Hi folks, I have questions on fault tolerance with backup agents.

When we have multiple nodes with multiple agents on each node collaborating together,

  • What happens if one of the node or agent dies?
  • Will the backup job still produces a consistent and complete backup at the end?
  • Are there any affect on the restorability of the backup?

Also I’ve been wondering

  • Is there a leader/controller elected among the agents?
  • Through what mechanism does the agents collaborate together?
  • Where is the metadata of backup/restore activities stored?
  • How does the agents use the metadata to divide and conquer?
  • Does each agent get the same of work pre-assigned? Workload dynamically adjusted?

Thank you.
Leo

Backup agents are all stateless workers, that coordinate using the database to grab smaller tasks as part of the overall backup. If a backup agent dies, then the work it was assigned will eventually be picked up and completed by some other backup agent.

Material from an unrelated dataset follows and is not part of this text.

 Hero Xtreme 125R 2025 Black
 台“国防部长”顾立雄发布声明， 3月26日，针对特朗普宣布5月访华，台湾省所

has links to both the TaskBucket implementation in FDB that’s used to coordinate backup agent work, and the next post down has a link to something similar, but written in python (and smaller, clearer, and probably easier to quickly grok).

This is also all changing in 6.3, and there will be a new backup implementation available that uses a different sort of worker, that instead recruited and managed as part of the cluster. You can read more about that in the design doc.

Backup agents can die at any time, this does not affect the integrity of the backup. As long as one backup agent is running and successfully connected to your cluster and backup storage medium backup progress will be made.

Backup agents use a shared work queue stored in FDB. The queue stores tasks under different priorities. The agents use FDB transactions to “claim” a task exclusively for execution. That claim times out after a period, so while an agent is executing task it routinely extends its claim, again with an FDB transaction. If the agent fails, it will no longer extend its task ownership claim. Another agent will then notice this (all agents check occasionally for expired task claims) and transactionally return the task to an executable state.

A Backup begins as a single task, and its execution creates other tasks transactionally with its completion, and those tasks do the same. Some tasks that represent large amounts of work are split into many smaller tasks representing the same work in aggregate. Tasks are not “pre”-assigned to agents. Each agent has a number of task slots, determined by a knob, and when an agent has a free task slot it will look for work to claim as described above. The order in which tasks are claimed by agents for execution is random within a priority level.

To be clear, the part that is changing is how mutations are written to the backup. Instead of the backup tasks writing the mutations themselves, one of the initial backup tasks will essentially configure a new database feature where the database will recruit “backup worker” roles and stream mutation logs more efficiently to a backup destination URL until it is told, by another backup task, to stop.

Everything else (backup start/stop/abort/pause, key range snapshots and metadata written to backup) remains the same.

Quite interesting algorithm for parallelism in backup/restore!

I figure, since KV pairs in FDB are more independent from each other than rows/tables in a relational db, which has rich data integrity constraints, we can have more flexibility and creativity for parallel ops. Is that right?

I did one preliminary test with multiple backup nodes, but one of nodes erred. Describing the backup returns “restorable”. From the info you provided, I’ll try testing to restore it.

Thank you.

Yes, we need to improve the description around the “recent errors” output. They do not mean necessarily that anything is “wrong”, just that errors did occur during execution. The errors are only a problem if they are happening constantly and the backup is not making any progress.

Not quite, no. When you restore a backup in FDB, you restore to a specific version and the entire key space that was backed up, all keys and values, are restored to that version. Keys and values from different parts of the keyspace are no more independent than, say, a set of tables or indexes in a relational model that are all restored to a specific consistent version.